Dari pengertian yang diberikan para ulama diatas Maka pengertian Muhkam adalah lafal yang artinya dapat diketahui dengan jelas dan kuat secara berdiri sendiri tanpa di ta’wilkan karena susunan tertibnya tepat dan tidak musykil karena pengertiannya masuk aqal sehingga dapat diamalkan dan tidak di nasakh. Sedangkan pengertian Mutasyabih ialah lafal Al Qur’an yang artinya samar, sehingga tidak dapat dijangkau aqal manusia karena bisa dita’wilkan macam – macam sehingga tidak dapat berdiri sendiri karena susunan tertibnya kurang tepat sehingga menimbulkan kesulitan disebabkan penun jukan artinya tidak kuat, oleh karenanya cukup diyakini saja dan tidak perlu diamalkan, karena merupakan ilmu yang hanya dimonopoli oleh Allah SWT.

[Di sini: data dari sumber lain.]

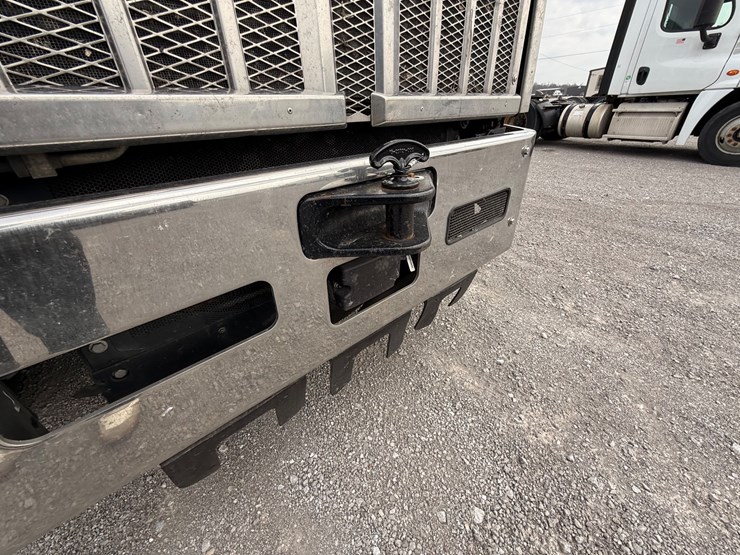 2022-western-star-49x-image-16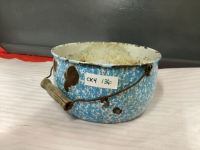 VINTAGE ENAMELWARE POT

D.    Dasar dari ayat Muhkamamat dan Mutasyabihat adalah
Dia-lah yang menurunkan Al Kitab (Al Qur'an) kepada kamu. Di antara (isi) nya ada ayat-ayat yang muhkamaat itulah pokok-pokok isi Al Qur'an dan yang lain (ayat-ayat) mutasyaabihaat. Adapun orang-orang yang dalam hatinya condong kepada kesesatan, maka mereka mengikuti sebagian ayat-ayat yang mutasyabihat untuk menimbulkan fitnah dan untuk mencari-cari takwilnya, padahal tidak ada yang mengetahui takwilnya melainkan Allah. Dan orang-orang yang mendalam ilmunya berkata: "Kami beriman kepada ayat-ayat yang mutasyabihat, semuanya itu dari sisi Tuhan kami." Dan tidak dapat mengambil pelajaran (daripadanya) melainkan orang-orang yang berakal. ( Al Imran : 7 )
E.      Pendapat ulama tetang ayat-ayat yang terkandung daam Al-quran
Dalam hal ini ada tiga pendapat ulama mengenai masalah tersebut :
Pendapat pertama mengatakan bahwa semua ayat Al Qur’an itu Muhkam (QS. Hud : 1 ). Suatu kitab yang ayatnya tersusun rapi. Orientasi pendapat ini dititik beratkan pada masalah kebaikan,kerapian susunan tertib ayat- ayatnya ,kekuatan dan kemutlakan kebenarannya yang absolut yang tidak ditimpa kerusakan dan kejanggalan lafal maupun maknanya.sehingga seperti bangunan kokoh tak tergoyahkan.
Pendapat kedua mengatakan bahwa semua ayat Al Qur’an itu Mutasyabih (QS. Az Zumar : 23 ) dalam arti bagian yang satu bersesuaian dengan bagian yang lain. Pendapat ini menfokuskan pada segi relevansi,Homogenitas dan keserasian susunan kata dan keterkaitan inti isi maknanya seluruh ataupun sebagian ayat / kalimat dari yang lain baik soal aturan hukumnya atau soal keindahan sastra seni balaghahnya yang mencapai klimaks kemukjizatan.
Pendapat ketiga mengatakan bahwa Al Qur’an itu terdiri dari dua bagian yakni Muhkam dan Mutasyabih ( Al Imran : 7 ). Pendapat ini berorientasi pada segi realitas dan eksistensi kitab suci ini,baik dalam segi aturan hukumnya ataupun dalam segi susunan ayat / surat yang betul betul jelas dan lugas, disamping ada pula yang samar lentur,fleksibel dan elastis.

F.     Perbedaan pendapat para ulama tentang penafsiran ayat-ayat mutasyabihat
Mengenai apakah ayat – ayat mutasyabihat itu harus ditafsiri agar diketahui arti maksudnya untuk diamalkan ? atau cukup diimani eksistensinya saja,soal artinya diserahkan sepenuhnya pada Allah SWT saja ? dalam hal ini ada 3 pendapat

Jumhur Ulama Ahlus sunnah dan sebagian Ahlu Ra’yi mengatakan Arti dan maksud ayat –ayat mutasyabihat itu tidak perlu ditafsiri tapi cukup diimani adanaya.
Segolongan Ulama Ahlus sunnah dan Kebanyakan Ahlu Ra’yi berpendapat bahwa perlu menta’wilkan ayat mutasyabihat itu yang relevan dengan keagungan Allah.
Segolongan Ulama lain diantaranya Ibnu Daqiqil ’id menengahi dua pendapat diatas .yaitu bila menta’wilkan ayat–ayat mutasyabihat itu relevan dengan bahasa Arab maka harus diterima dan tidak boleh di ingkari, dan jika jauh maka harus di Tawaqqufkan (ditangguhkan).